Below is a listing to write out in full, exactly as given, without its pictures.

##### Extracted entries

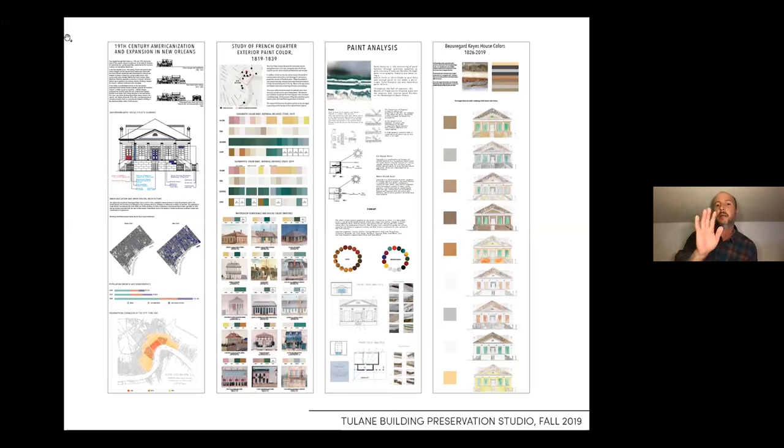This information comes from a Tulane studio we did in 2019, where we took a specific building and tried to place it within its context — in the city and nationally. We went into the notarial archives and looked at every color representation and watercolor painting from 1800 to 1830.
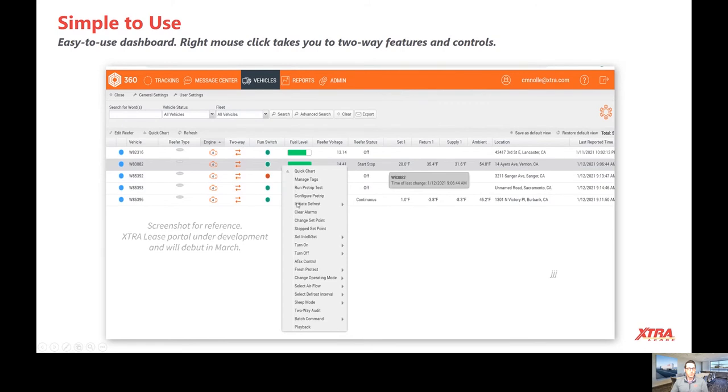You'll be able to see the current fuel level, the operating mode — is it off, continuous, or start-stop? You'll see the set temperature, the outside ambient temperature, location, and last reported time.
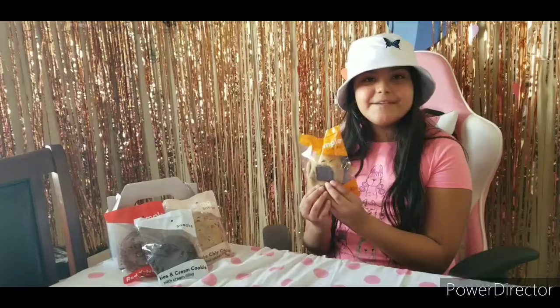How yummy do these cookies look? These cookies are made out of simple ingredients like whole wheat flour, sea salt, and coconut sugar.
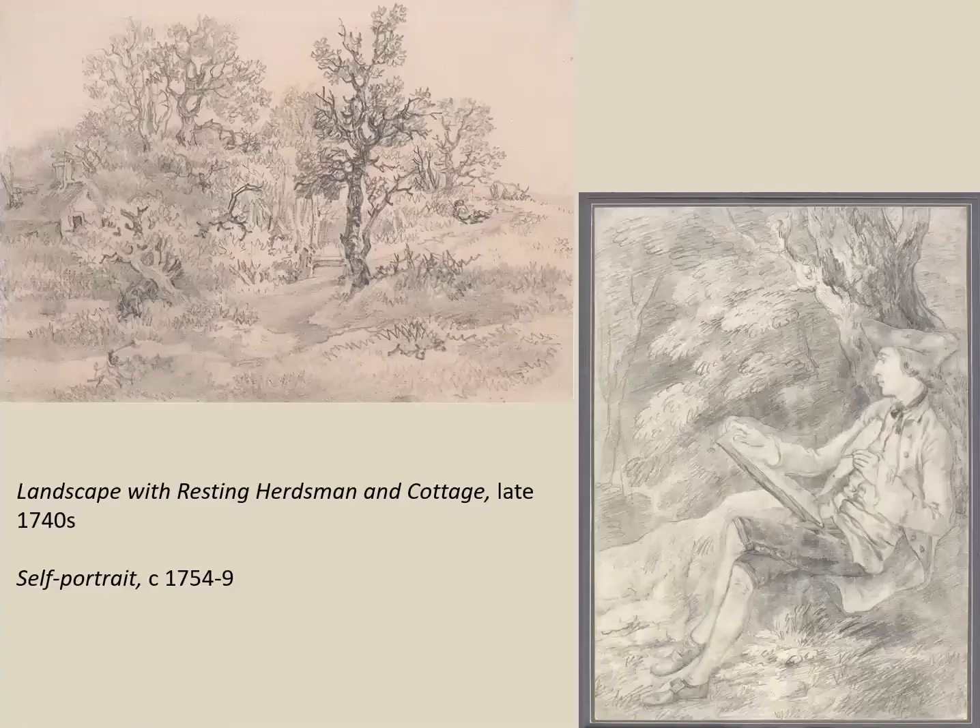Right from the beginning, Gainsborough sketched in the open air. Here is an early drawing — quite a careful, detailed transcription of what he sees before him. On the right hand side, a curious hybrid: a figure of Gainsborough, almost certainly a self-portrait, has been cut out from a larger sheet and stuck onto a landscape background, possibly intended as an engraving. He is shown drawing with his left hand — we know he was right-handed — but had it been printed, he would have appeared to draw with his right hand.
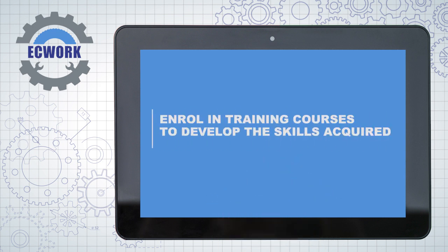Enrol in training courses to develop the skills you have acquired.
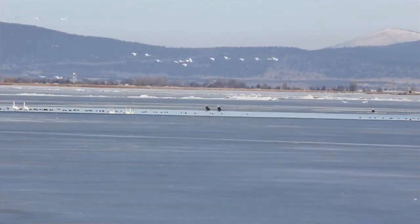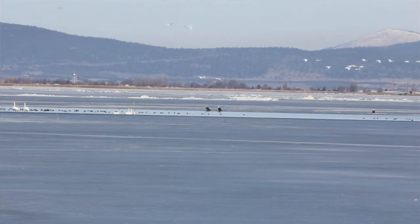My name is Hallie Rasmussen and I am the visitor services manager here at the Klamath Basin National Wildlife Refuge Complex. Within our complex we have six refuges, including Bear Valley, which is where the bald eagles roost, and the Lower Klamath and Tule Lake Refuge, which is where they often come to feed.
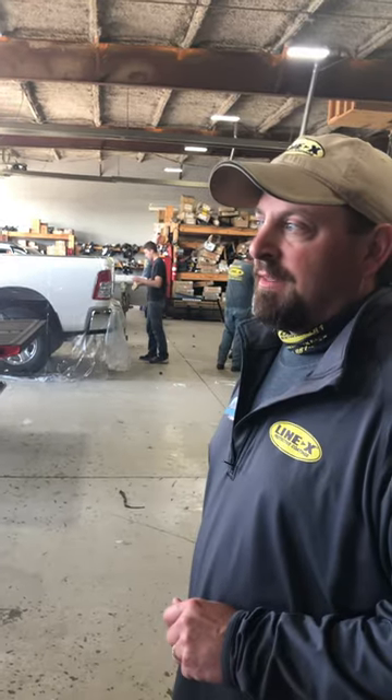Jeremy again at LineX of Kentucky. We're going to do a little bit of an unveiling for some of the projects that they've just completed. You guys saw the truck that was in the booth earlier — well, here's our finished product.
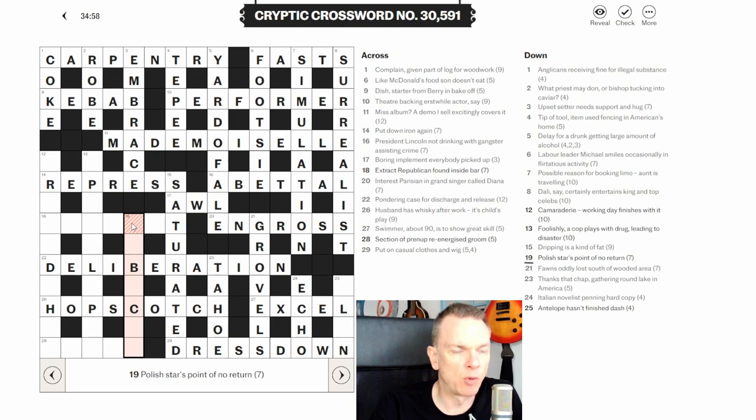Nineteen down: 'polish or Polish — is Polish stars point of no return.' They want you to read it as 'polish' (to shine) but I think it's RUBICON — the point of no return. 'Polish' as a verb is to RUB, and a 'star' can be an ICON. RUB + ICON = RUBICON. You didn't get me with your polish and Polish — crafty compilers.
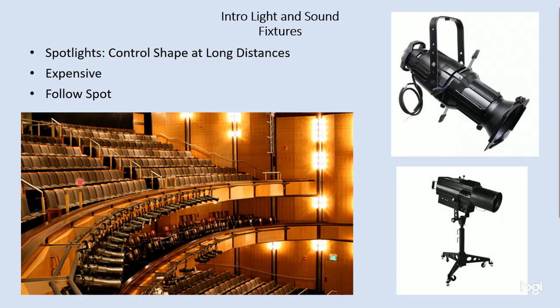Some typical types of spotlights — spotlights tend to be more expensive than wash lights. They're just more sophisticated. They have more lenses in them, more glass, and require a better reflector. All kinds of different things go into the cost of any kind of fixture, but a spotlight tends to be more expensive.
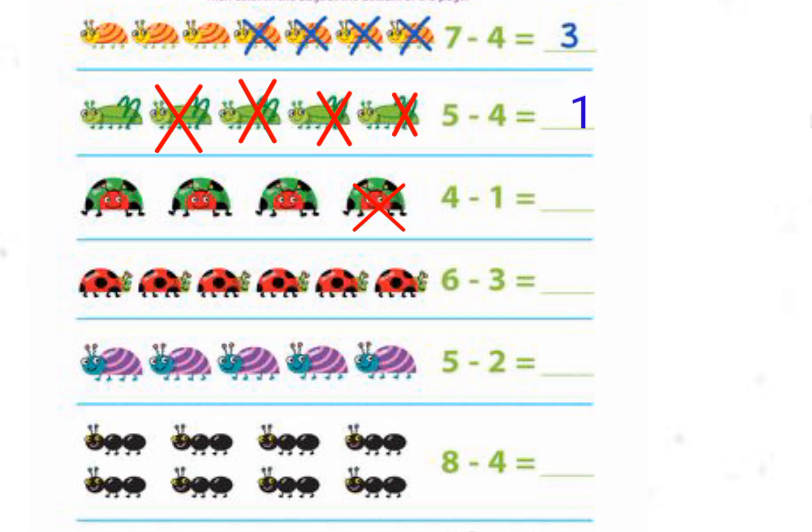Cross out one green ladybird out of four ladybirds — the answer is three. Cross out three red ladybirds out of six ladybirds. Six minus three, the answer is three. Look at the five snails — cross out two snails. Five minus two, the answer is three.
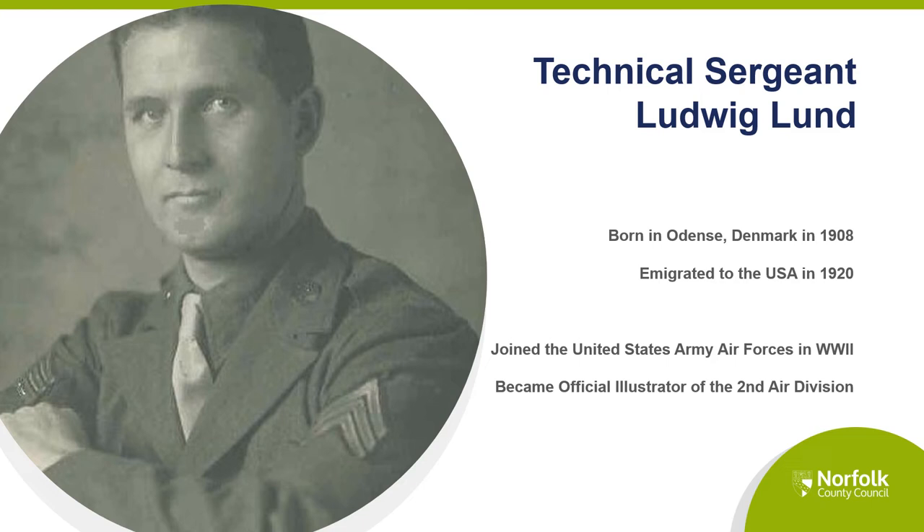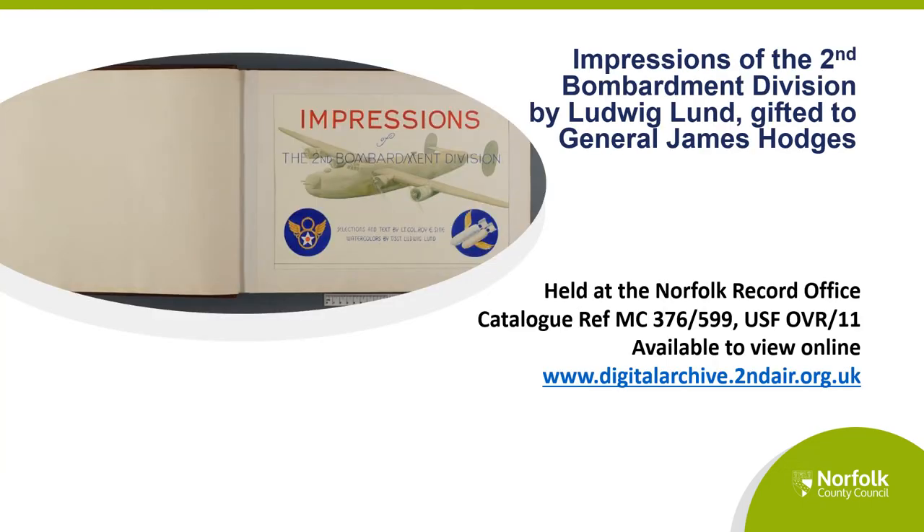The leather-bound book of Ludwig Lund's watercolours in our collection was gifted on behalf of the 2nd Air Division staff to their General James Pratt Hodges. The book is titled 'Impressions of the 2nd Bombardment Division' and it includes images of life on and off base. The book was passed down by General Hodges to his son, and later his grandson donated the book to the library. In 2019 we were visited at the library by the donor of the book, and we also keep in touch with the daughter of Technical Sergeant Lund.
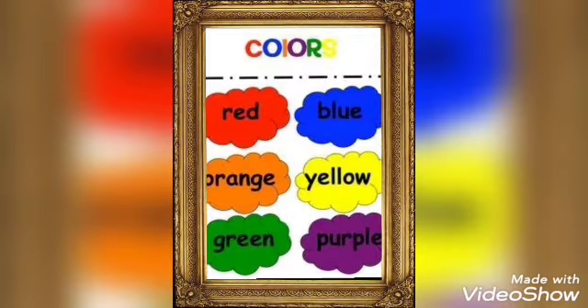Before entering into the lesson, let us recall the colors. It is red, blue, orange, yellow, green, purple.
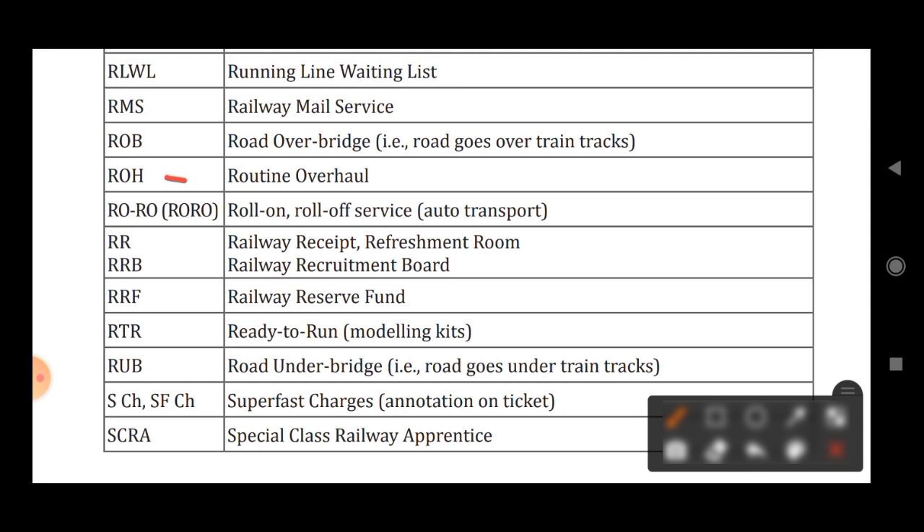RO stands for Roll On/Roll Off Service. RRB stands for Railway Recruitment Board. RRF stands for Railway Reserve Fund. RTR stands for Ready to Run. RUB stands for Road Under Bridge.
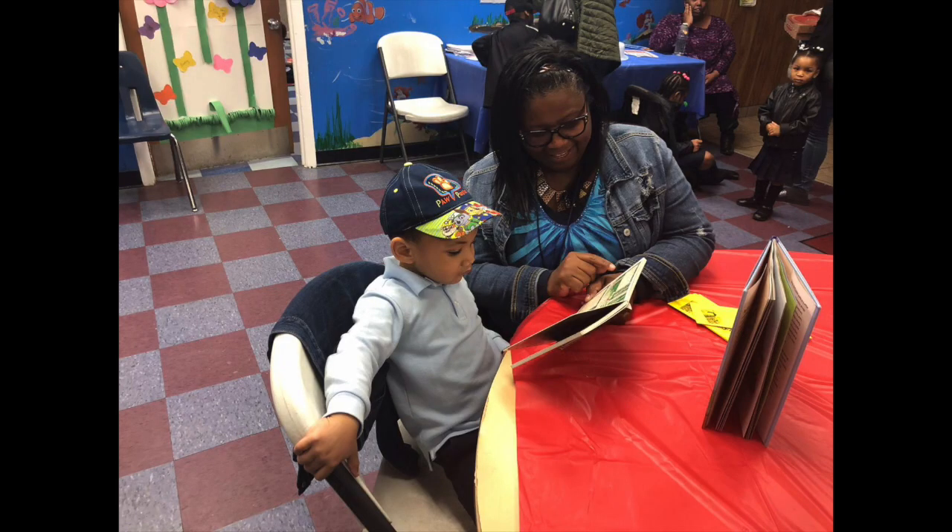Print awareness just means that your child understands that words have meaning. You can help to reinforce this in a couple of really simple ways. One is to just point out print wherever you see it in your environment and read it to the child.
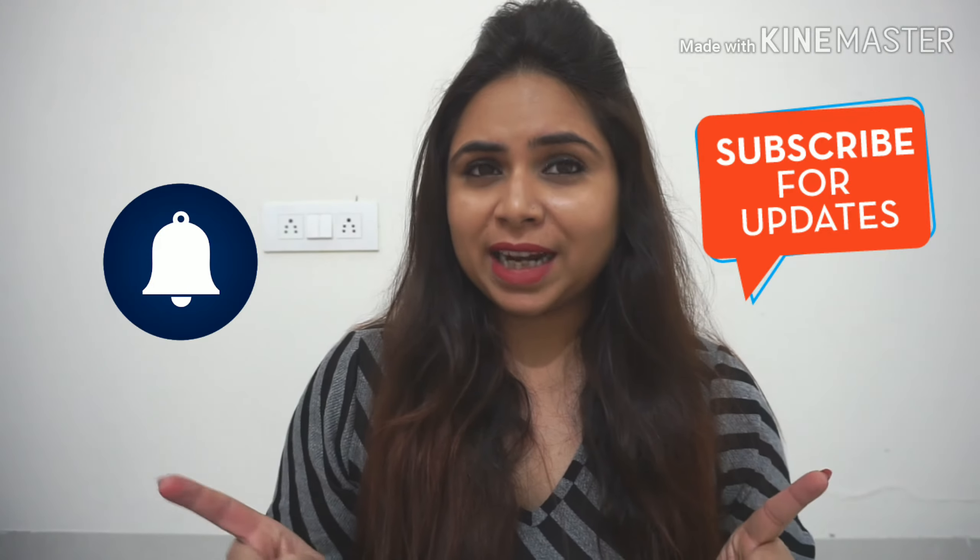Hey guys, welcome back to my channel. That is 'Know How with Subhu'. I hope you all are doing very well. If you are new to my channel, please subscribe and press the bell icon.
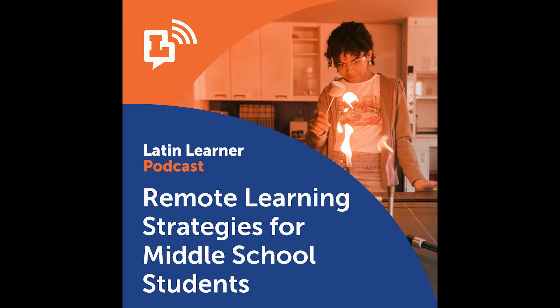Hopefully there are some pieces there that you're already doing, but maybe could also use as we continue and finish up second semester. Thank you for joining us for this episode of the Latin Learner Podcast. Check out other episodes on our website at latinschool.org/podcast.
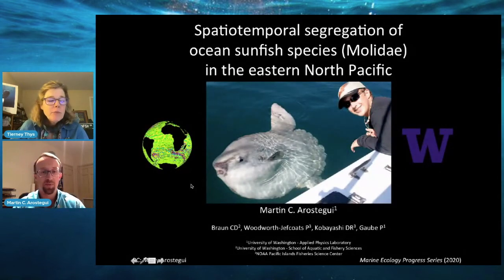Thank you so much for joining us. You are up in Washington right now, Washington State? I was in Washington until very recently; I am now in Florida in the midst of a moving transition. I'm still working for the University of Washington for a good while this year, and later on I'll be transitioning to Woods Hole in Massachusetts. Martin is at the University of Washington Applied Physics Laboratory and has some amazing insights into the spatial-temporal segregation of ocean sunfish species, Molidae, in the Eastern North Pacific, using great modeling techniques and large data sets. So I'll hand it over to you, Martin.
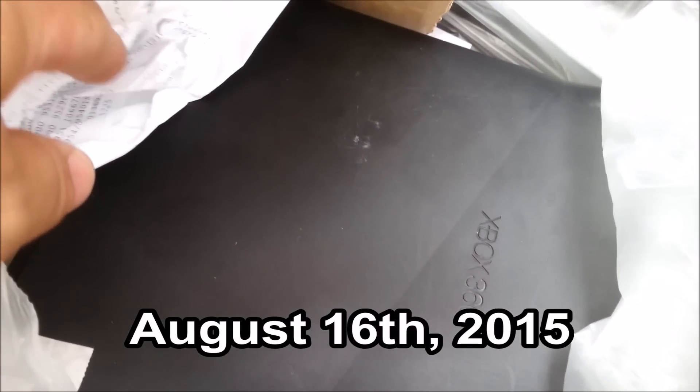Oh god, I love you GameStop dumpster - you are the gift that keeps on giving. I can't wait to take this home and test it.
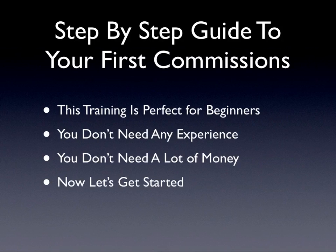This training is perfect for beginners. You don't need any experience. You don't need a lot of money. Now let's get started.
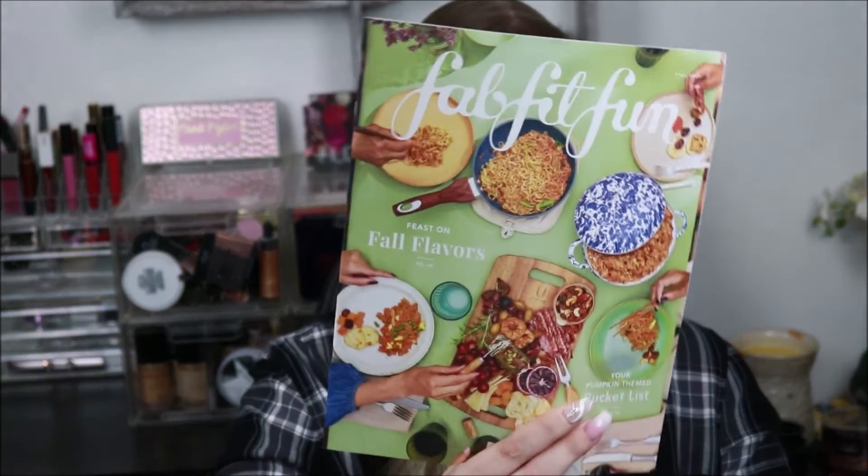So we have our magazine booklet type of deal they always give. Last time I don't think it had all of our products in it. Let's see if it does this time. It has some in there — I don't know if it's all of them or if it's what I got, but we'll see.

##########

**Exercise result:**
This information comes from a Tulane studio we did in 2019, where we took a specific building and tried to place it within its context — in the city and nationally. We went into the notarial archives and looked at every color representation and watercolor painting from 1800 to 1830.
You'll be able to see the current fuel level, the operating mode — is it off, continuous, or start-stop? You'll see the set temperature, the outside ambient temperature, location, and last reported time.
How yummy do these cookies look? These cookies are made out of simple ingredients like whole wheat flour, sea salt, and coconut sugar.
Right from the beginning, Gainsborough sketched in the open air. Here is an early drawing — quite a careful, detailed transcription of what he sees before him. On the right hand side, a curious hybrid: a figure of Gainsborough, almost certainly a self-portrait, has been cut out from a larger sheet and stuck onto a landscape background, possibly intended as an engraving. He is shown drawing with his left hand — we know he was right-handed — but had it been printed, he would have appeared to draw with his right hand.
Enrol in training courses to develop the skills you have acquired.
My name is Hallie Rasmussen and I am the visitor services manager here at the Klamath Basin National Wildlife Refuge Complex. Within our complex we have six refuges, including Bear Valley, which is where the bald eagles roost, and the Lower Klamath and Tule Lake Refuge, which is where they often come to feed.
Jeremy again at LineX of Kentucky. We're going to do a little bit of an unveiling for some of the projects that they've just completed. You guys saw the truck that was in the booth earlier — well, here's our finished product.
Nineteen down: 'polish or Polish — is Polish stars point of no return.' They want you to read it as 'polish' (to shine) but I think it's RUBICON — the point of no return. 'Polish' as a verb is to RUB, and a 'star' can be an ICON. RUB + ICON = RUBICON. You didn't get me with your polish and Polish — crafty compilers.
Some typical types of spotlights — spotlights tend to be more expensive than wash lights. They're just more sophisticated. They have more lenses in them, more glass, and require a better reflector. All kinds of different things go into the cost of any kind of fixture, but a spotlight tends to be more expensive.
Cross out one green ladybird out of four ladybirds — the answer is three. Cross out three red ladybirds out of six ladybirds. Six minus three, the answer is three. Look at the five snails — cross out two snails. Five minus two, the answer is three.
The leather-bound book of Ludwig Lund's watercolours in our collection was gifted on behalf of the 2nd Air Division staff to their General James Pratt Hodges. The book is titled 'Impressions of the 2nd Bombardment Division' and it includes images of life on and off base. The book was passed down by General Hodges to his son, and later his grandson donated the book to the library. In 2019 we were visited at the library by the donor of the book, and we also keep in touch with the daughter of Technical Sergeant Lund.
Before entering into the lesson, let us recall the colors. It is red, blue, orange, yellow, green, purple.
RO stands for Roll On/Roll Off Service. RRB stands for Railway Recruitment Board. RRF stands for Railway Reserve Fund. RTR stands for Ready to Run. RUB stands for Road Under Bridge.
Print awareness just means that your child understands that words have meaning. You can help to reinforce this in a couple of really simple ways. One is to just point out print wherever you see it in your environment and read it to the child.
Hey guys, welcome back to my channel. That is 'Know How with Subhu'. I hope you all are doing very well. If you are new to my channel, please subscribe and press the bell icon.
Hopefully there are some pieces there that you're already doing, but maybe could also use as we continue and finish up second semester. Thank you for joining us for this episode of the Latin Learner Podcast. Check out other episodes on our website at latinschool.org/podcast.
Thank you so much for joining us. You are up in Washington right now, Washington State? I was in Washington until very recently; I am now in Florida in the midst of a moving transition. I'm still working for the University of Washington for a good while this year, and later on I'll be transitioning to Woods Hole in Massachusetts. Martin is at the University of Washington Applied Physics Laboratory and has some amazing insights into the spatial-temporal segregation of ocean sunfish species, Molidae, in the Eastern North Pacific, using great modeling techniques and large data sets. So I'll hand it over to you, Martin.
Oh god, I love you GameStop dumpster - you are the gift that keeps on giving. I can't wait to take this home and test it.
This training is perfect for beginners. You don't need any experience. You don't need a lot of money. Now let's get started.
So we have our magazine booklet type of deal they always give. Last time I don't think it had all of our products in it. Let's see if it does this time. It has some in there — I don't know if it's all of them or if it's what I got, but we'll see.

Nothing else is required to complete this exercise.